Lister Hampon continued on as small robots
approached him from several parts of the room and started to clean
him up. “’There is a darkness coming.’ The Victory Machine laid
that on thicker and thicker and Collins and I made progress. Then
it elaborated. Humans have been testing the boundaries of polite
science for as long as there has been a record, and we finally
ventured into something that we should never have even considered.

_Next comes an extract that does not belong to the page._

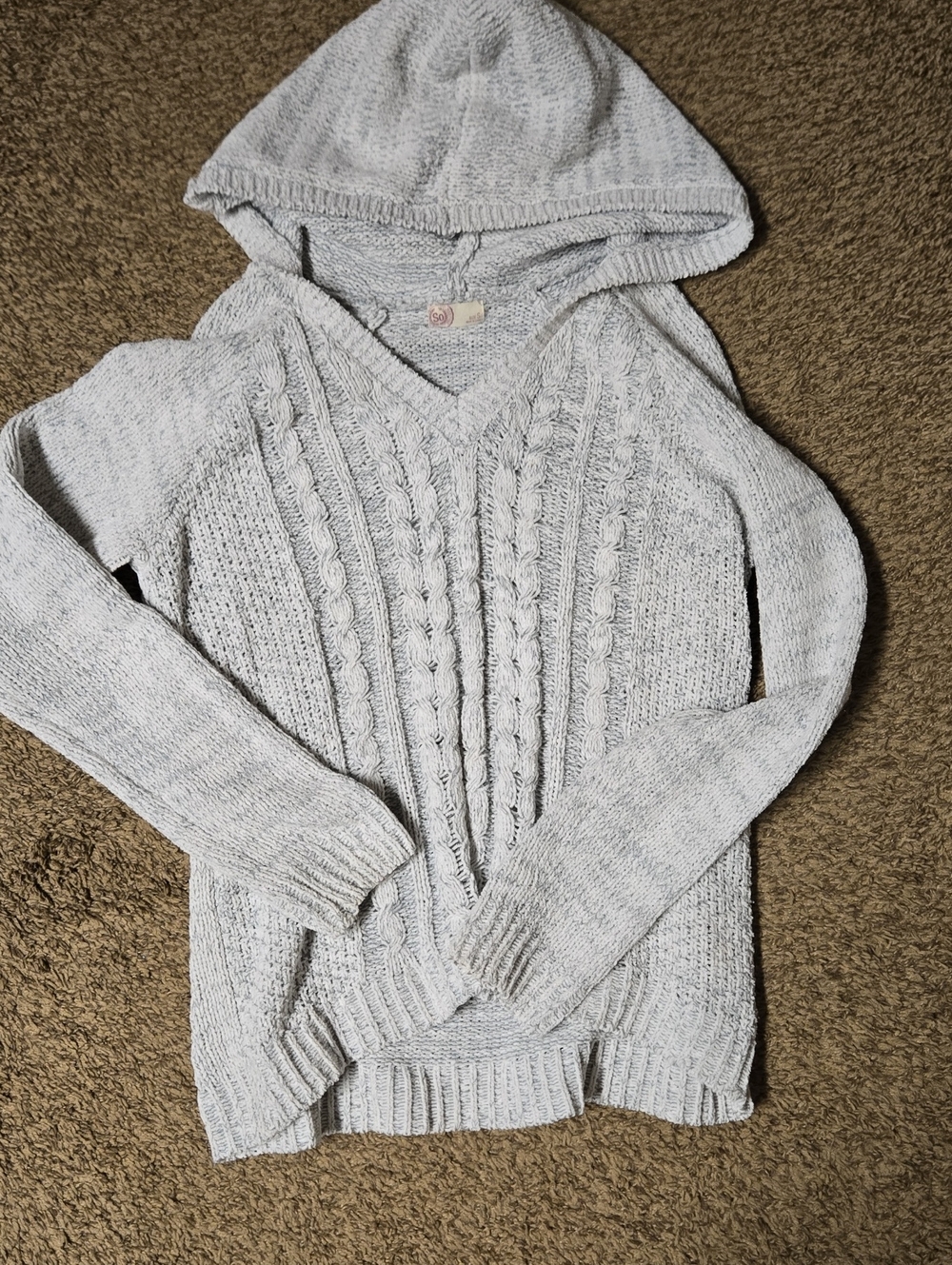 SO Light Gray Hooded Cable V-Neck Sweater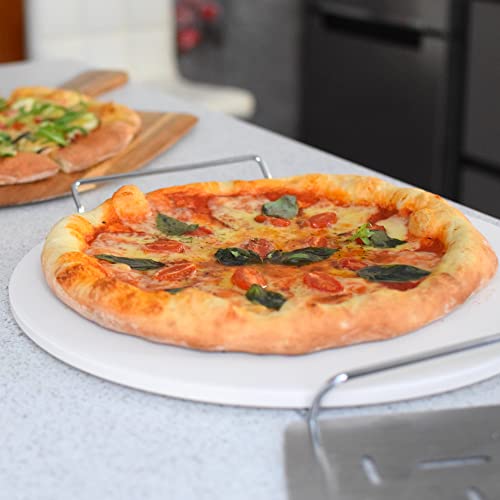 Pizza Stone for Oven and Grill 14 inch - Cordierite Baking Stone Set with Stainless Steel Rack and Plastic Scraper - Durable and High-Quality Ceramic Pizza Stones for Grill and Oven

A Regent Galactic company tried to make dragons out of unborn Edxi,
and they were successful. Can you imagine? Dragons! Real dragons
for amusement parks and pets that you could train in their long
adolescence of thirty five, sometimes more than forty years. When
they start into maturity they’d become ill and die. Now that’s a
forward thinking product.
The edxi found out about it. The Exile went
in search for evidence and thanks to Alice Valent, who was just a
messenger in all this – something Meunez never understood – Zarrick
the Exile found it. It doesn’t matter that Regent Galactic’s
subsidiary closed the project out years ago.It didn’t matter that
there were other companies, even secret arms of governments, that
were researching the edxi just as closely. It didn’t even matter
that thousands of people were killed by edxi in minor acts of
retribution, things no human would see as trespassing, or other
violations. That wasn’t appropriate retribution for humans
corrupting their children. They demanded more. Whoever was
controlling the Victory Machine knew it, and they gave me all the
directions I needed to do one thing: save humanity.”
“It’s true,” Clark said. “What’s about to
happen must happen. There is no other way.”
A broad shape with mechanical tendrils
reaching in all directions with barbs and dim lights faded into
existence near Pandem. Eve had difficulty judging, but it looked
almost as large as the Overlord II, kilometres in depth, and even
wider. “We don’t even know how they do that,” Hampon said. “Take
all the readings you want, try to follow them through whatever
faster than light solution they’re using, and you won’t discover a
thing about how they move through the universe.”